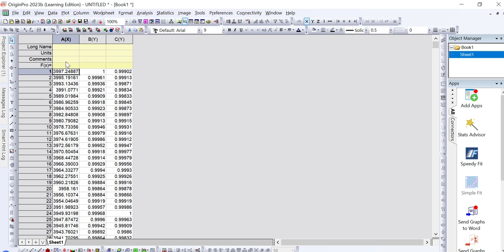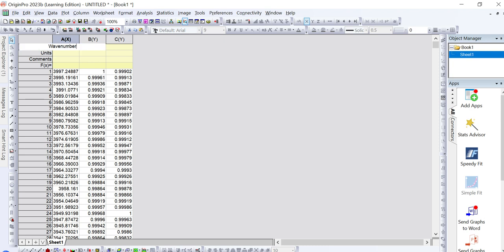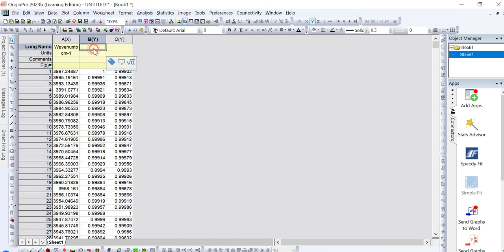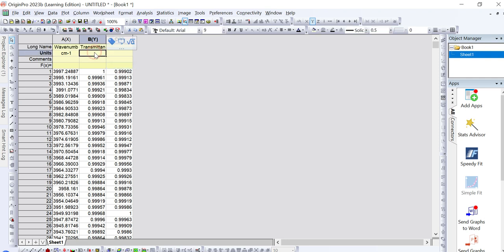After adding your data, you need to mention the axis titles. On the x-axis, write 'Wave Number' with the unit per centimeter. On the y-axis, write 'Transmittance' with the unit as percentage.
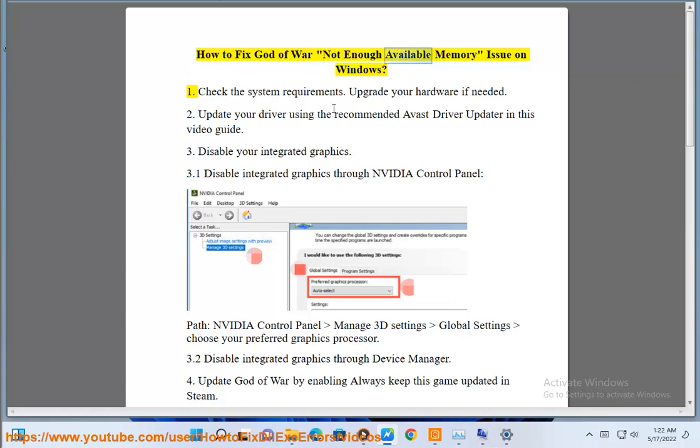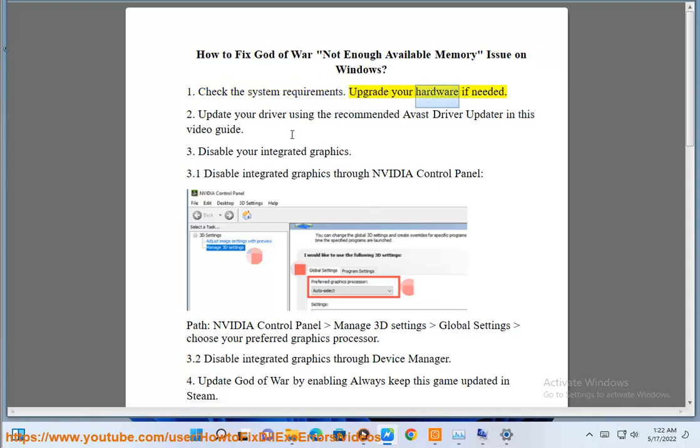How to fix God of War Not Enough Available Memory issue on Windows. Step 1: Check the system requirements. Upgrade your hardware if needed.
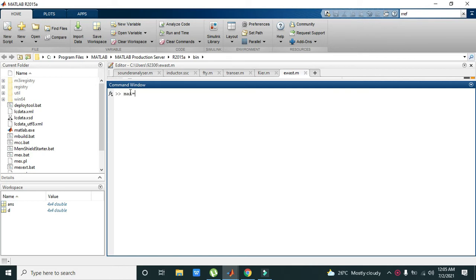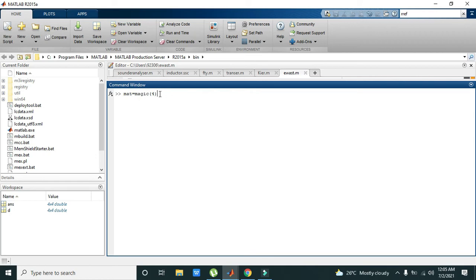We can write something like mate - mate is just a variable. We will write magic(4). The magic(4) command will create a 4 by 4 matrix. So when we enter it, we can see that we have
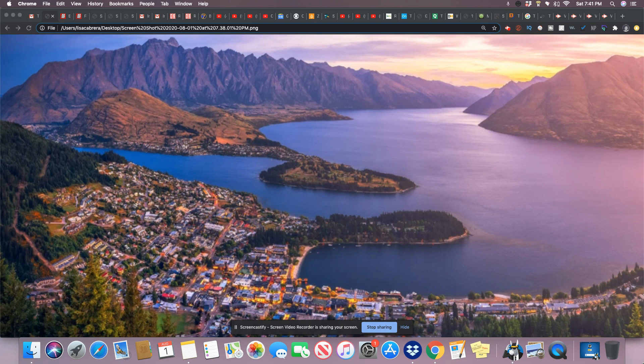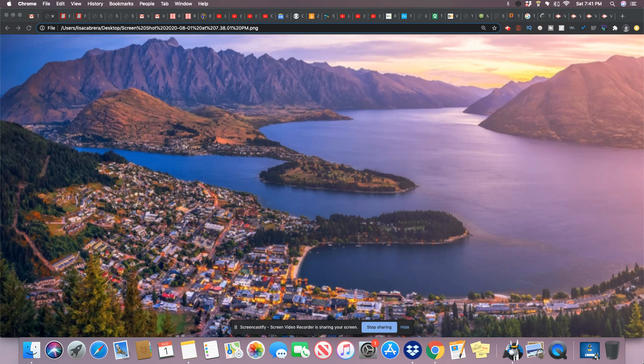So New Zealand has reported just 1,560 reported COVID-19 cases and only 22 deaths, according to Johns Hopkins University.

**********

→ Exercise brief: Apart from the images, retype the full material exactly as written.

→ Result of the exercise:
After adding your data, you need to mention the axis titles. On the x-axis, write 'Wave Number' with the unit per centimeter. On the y-axis, write 'Transmittance' with the unit as percentage.
How to fix God of War Not Enough Available Memory issue on Windows. Step 1: Check the system requirements. Upgrade your hardware if needed.
We can write something like mate - mate is just a variable. We will write magic(4). The magic(4) command will create a 4 by 4 matrix. So when we enter it, we can see that we have
So New Zealand has reported just 1,560 reported COVID-19 cases and only 22 deaths, according to Johns Hopkins University.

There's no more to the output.